*Exercise aim*:
Nothing outside the range below should be printed. Output exactly the lines from the line with "Olímpia e Cerro" to the line with "Направляющая стекла задней двери LH Lexus RX", both included.

*Records provided*:
★ ★ ★ ★ ★
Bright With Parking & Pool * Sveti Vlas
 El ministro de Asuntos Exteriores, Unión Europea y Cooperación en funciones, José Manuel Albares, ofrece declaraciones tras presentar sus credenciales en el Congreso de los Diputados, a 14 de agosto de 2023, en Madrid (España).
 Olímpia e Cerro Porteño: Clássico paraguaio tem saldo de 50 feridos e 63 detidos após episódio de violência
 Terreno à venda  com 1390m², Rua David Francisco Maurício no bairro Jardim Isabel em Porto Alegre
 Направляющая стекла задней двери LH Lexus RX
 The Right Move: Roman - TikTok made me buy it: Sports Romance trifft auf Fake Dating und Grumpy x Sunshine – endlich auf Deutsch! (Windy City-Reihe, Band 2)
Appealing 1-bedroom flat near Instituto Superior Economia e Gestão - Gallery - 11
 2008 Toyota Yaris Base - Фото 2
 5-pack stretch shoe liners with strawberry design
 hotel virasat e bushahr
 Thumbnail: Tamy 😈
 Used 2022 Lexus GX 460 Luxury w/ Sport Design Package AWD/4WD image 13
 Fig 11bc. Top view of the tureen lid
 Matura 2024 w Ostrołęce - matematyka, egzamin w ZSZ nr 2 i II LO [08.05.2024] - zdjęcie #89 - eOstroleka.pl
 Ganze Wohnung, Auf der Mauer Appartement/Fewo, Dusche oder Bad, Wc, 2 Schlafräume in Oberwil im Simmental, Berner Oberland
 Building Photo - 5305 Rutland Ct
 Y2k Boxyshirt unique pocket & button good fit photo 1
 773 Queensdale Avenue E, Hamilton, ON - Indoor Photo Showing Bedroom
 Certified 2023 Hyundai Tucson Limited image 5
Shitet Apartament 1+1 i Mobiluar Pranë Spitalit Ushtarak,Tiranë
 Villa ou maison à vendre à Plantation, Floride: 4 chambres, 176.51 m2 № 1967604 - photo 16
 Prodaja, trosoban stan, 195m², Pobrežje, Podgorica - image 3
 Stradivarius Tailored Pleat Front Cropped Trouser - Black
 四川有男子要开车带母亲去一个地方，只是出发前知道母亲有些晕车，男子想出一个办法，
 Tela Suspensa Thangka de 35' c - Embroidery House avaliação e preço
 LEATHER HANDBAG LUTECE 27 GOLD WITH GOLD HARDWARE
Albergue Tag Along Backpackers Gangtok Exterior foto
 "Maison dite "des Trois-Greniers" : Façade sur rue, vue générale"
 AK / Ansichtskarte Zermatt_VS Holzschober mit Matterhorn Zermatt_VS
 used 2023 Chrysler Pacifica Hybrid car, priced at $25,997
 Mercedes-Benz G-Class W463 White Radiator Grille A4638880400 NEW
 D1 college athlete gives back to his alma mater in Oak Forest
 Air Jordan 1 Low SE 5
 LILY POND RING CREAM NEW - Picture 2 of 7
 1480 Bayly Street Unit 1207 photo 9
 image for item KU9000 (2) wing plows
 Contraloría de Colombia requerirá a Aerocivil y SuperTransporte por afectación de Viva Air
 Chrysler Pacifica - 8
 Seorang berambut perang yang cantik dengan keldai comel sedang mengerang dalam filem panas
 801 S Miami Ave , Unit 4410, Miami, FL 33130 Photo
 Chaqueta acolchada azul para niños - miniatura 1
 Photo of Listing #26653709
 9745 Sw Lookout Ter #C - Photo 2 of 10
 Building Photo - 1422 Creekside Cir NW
★ ★ ★ ★ ★
*Task result*:
 Olímpia e Cerro Porteño: Clássico paraguaio tem saldo de 50 feridos e 63 detidos após episódio de violência
 Terreno à venda  com 1390m², Rua David Francisco Maurício no bairro Jardim Isabel em Porto Alegre
 Направляющая стекла задней двери LH Lexus RX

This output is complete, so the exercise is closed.